Eight years later, Ben heard the story of what happened to his son, at least up until the bus drove away, from a man he didn’t know in a local bar.  The man claimed he knew the bus driver.  The man slowly moved from his barstool, stumbled to the jukebox and struggled to put in his coins.  While Ben was still trying to digest the new information about his son’s murder, the bartender, who had heard every word of the man’s story, softly addressed Ben.
“Don’t let ole’ Joe fool you, fella.  That cold hearted piece of trash drove bus number six for years, until he retired last year.  He used to come in here and tell the other drunks about every single one of the kids on his bus picking on some poor little boy, who I know now was your son.”  The bartender, seeing the anger welling in Ben’s eyes, leaned in and added, “If you wanted to get a couple of licks in on that jerk I wouldn’t say a word.”
         The bus driver had been in charge at the time of the attack but had severely abdicated his duty to keep the other kids from hurting his little boy.  Ben took the bartender’s consequence free offer to attack the man who was essentially responsible for his son’s death.  With remarkable speed, Ben bounded from his barstool and headed for the man by the jukebox at a full sprint.  He punched the bus driver in the back of the head; his head then jerked forward so hard that it broke the glass covering the jukebox.  The bus driver hit the floor and immediately Ben was on top of him, attacking him with an acid rain of blows that quickly ate away at his head and face.  It took three large men and the bartender to peel Ben off of the bus driver, who was lucky to escape with his life.

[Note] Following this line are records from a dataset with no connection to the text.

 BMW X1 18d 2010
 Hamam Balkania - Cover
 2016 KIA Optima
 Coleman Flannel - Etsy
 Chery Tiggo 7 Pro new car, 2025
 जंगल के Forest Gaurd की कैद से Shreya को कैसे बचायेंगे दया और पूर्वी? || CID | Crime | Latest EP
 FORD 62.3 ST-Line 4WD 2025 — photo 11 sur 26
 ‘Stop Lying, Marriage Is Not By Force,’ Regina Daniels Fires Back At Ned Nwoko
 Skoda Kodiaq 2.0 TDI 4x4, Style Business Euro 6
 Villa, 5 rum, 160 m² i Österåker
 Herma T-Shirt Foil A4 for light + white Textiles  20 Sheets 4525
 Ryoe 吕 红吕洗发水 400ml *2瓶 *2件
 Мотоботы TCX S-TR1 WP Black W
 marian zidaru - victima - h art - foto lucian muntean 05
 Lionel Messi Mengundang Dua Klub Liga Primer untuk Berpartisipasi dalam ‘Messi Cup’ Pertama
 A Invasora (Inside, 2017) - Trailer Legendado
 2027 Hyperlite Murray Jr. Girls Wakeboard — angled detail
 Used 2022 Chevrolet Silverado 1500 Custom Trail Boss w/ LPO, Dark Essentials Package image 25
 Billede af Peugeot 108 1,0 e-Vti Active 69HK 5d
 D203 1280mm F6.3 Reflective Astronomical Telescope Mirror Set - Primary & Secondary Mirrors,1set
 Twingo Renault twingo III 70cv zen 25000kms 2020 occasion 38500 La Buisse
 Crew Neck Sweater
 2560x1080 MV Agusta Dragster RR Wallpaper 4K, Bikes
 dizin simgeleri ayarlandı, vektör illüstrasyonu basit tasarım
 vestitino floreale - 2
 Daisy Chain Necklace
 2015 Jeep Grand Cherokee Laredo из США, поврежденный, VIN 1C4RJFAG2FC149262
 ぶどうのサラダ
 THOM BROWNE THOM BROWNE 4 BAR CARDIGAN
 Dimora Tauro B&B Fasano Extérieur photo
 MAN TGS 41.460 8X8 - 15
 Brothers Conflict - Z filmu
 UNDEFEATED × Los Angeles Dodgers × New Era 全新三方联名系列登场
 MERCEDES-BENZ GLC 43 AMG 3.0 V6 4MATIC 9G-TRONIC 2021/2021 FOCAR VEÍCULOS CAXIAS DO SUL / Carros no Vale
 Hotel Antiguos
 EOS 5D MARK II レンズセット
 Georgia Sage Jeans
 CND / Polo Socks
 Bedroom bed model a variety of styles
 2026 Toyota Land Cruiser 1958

The local police thought that Ben had drunk, but when he was given a blood alcohol test he blew a zero.  He had been drinking Mountain Dew.  Everyone involved agreed that Ben’s quiet serenity was exceedingly eerie.
                Because this was the first violent offense on Ben’s record, and in reality the only one he had ever executed, he was ordered to serve a lengthy amount of time in a mental hospital.  After three years there, he was deemed “non-violent” and was allowed to live in the general population with the other “non-violent” residents.  A few months later a new resident was committed.  His name was Tobias Grey Bird.  He was definitely the most massive person Ben had ever seen.  He had to stand at least six feet nine inches tall and was nearly three hundred pounds of solid body mass.  Ben didn’t know what Grey Bird was in the mental hospital for, but he knew that he deserved to be in there for a murder he committed almost twelve years ago.
                The very next day, Ben stole a steel spoon, the only utensil the residents were allowed, from the hospital’s cafeteria.  His thievery had unconsciously occurred.  When he went to bed that evening, he was surprised to find the spoon in his pajama pocket.  Though it took Ben a few minutes to remember where the utensil had come from, he knew immediately what he wanted to do with it.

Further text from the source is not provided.